Non, estime Henri Goldman, car «il existe une implication politique et émotionnelle de longue date de nos sociétés envers les conflits au Proche-Orient. Le Soudan, le Yémen, ou les Ouïghours en Chine (NDLR: ces derniers subissent aussi une forme de génocide) sont des sociétés qui nous sont totalement extérieures, et pour lesquelles nous n’avons pas de liens historiques ou politiques. C’est déplorable, mais logique.»

«L’indignation militante anti-impérialiste est aussi un élément qui n’est pas projeté dans ce qui se passe au Yémen ou au Soudan», relève Marie Kortam. Ces autres conflits «ne suscitent pas la même polarisation au sein de la société belge, et donc des prises de position politique moins tranchées», ajoute pour sa part Jean Faniel.

5. La Palestine, catalyseur des débats nationaux

Les prises de position politique interne sont d’ailleurs devenues incontournables pour Gaza, qui «est devenue un catalyseur des débats nationaux en Europe», assure Marie Kortam. «Désormais, le degré d’humanité des partis n’est plus spécialement établi selon leur programme propre, mais surtout en fonction de leur position sur Gaza.»
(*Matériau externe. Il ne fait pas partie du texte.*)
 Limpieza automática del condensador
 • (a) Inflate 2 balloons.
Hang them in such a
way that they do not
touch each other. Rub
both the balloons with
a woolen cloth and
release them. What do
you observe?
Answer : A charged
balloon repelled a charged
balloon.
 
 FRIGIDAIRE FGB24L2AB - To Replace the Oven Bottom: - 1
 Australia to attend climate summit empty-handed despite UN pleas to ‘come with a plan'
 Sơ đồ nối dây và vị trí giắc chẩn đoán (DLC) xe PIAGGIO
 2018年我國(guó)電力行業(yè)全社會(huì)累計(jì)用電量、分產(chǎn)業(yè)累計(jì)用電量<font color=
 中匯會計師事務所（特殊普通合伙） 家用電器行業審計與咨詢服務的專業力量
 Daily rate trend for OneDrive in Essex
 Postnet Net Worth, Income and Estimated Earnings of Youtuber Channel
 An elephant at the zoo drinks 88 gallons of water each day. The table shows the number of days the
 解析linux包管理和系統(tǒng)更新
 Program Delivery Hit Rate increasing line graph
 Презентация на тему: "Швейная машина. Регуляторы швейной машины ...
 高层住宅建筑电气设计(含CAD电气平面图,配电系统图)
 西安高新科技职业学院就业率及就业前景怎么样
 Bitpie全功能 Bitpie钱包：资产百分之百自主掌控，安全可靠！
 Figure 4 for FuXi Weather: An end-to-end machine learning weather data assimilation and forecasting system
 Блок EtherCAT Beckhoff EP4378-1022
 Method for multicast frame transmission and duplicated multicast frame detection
Le conflit israélo-palestinien «représente une ligne de clivage très nette entre les partis», abonde Jean Faniel. Cette division politique interne, limpide, «favorise aussi la manifestation.» En parallèle, «l’Ukraine dispose d’un soutien politique belge unanime, si ce n’est l’ambiguïté notable du PTB, surtout au début du conflit. Les voix qui soutiendraient la Russie sont inexistantes, ou inaudibles.» A l’inverse, «des voix importantes, du Premier ministre au président du MR, soutiennent Israël de façon assumée, jusqu’à nier la possibilité d’un génocide.»

Gaza-Ukraine: deux guerres, deux récits, deux émotions collectives. La solidarité, elle aussi, obéit à ses propres frontières.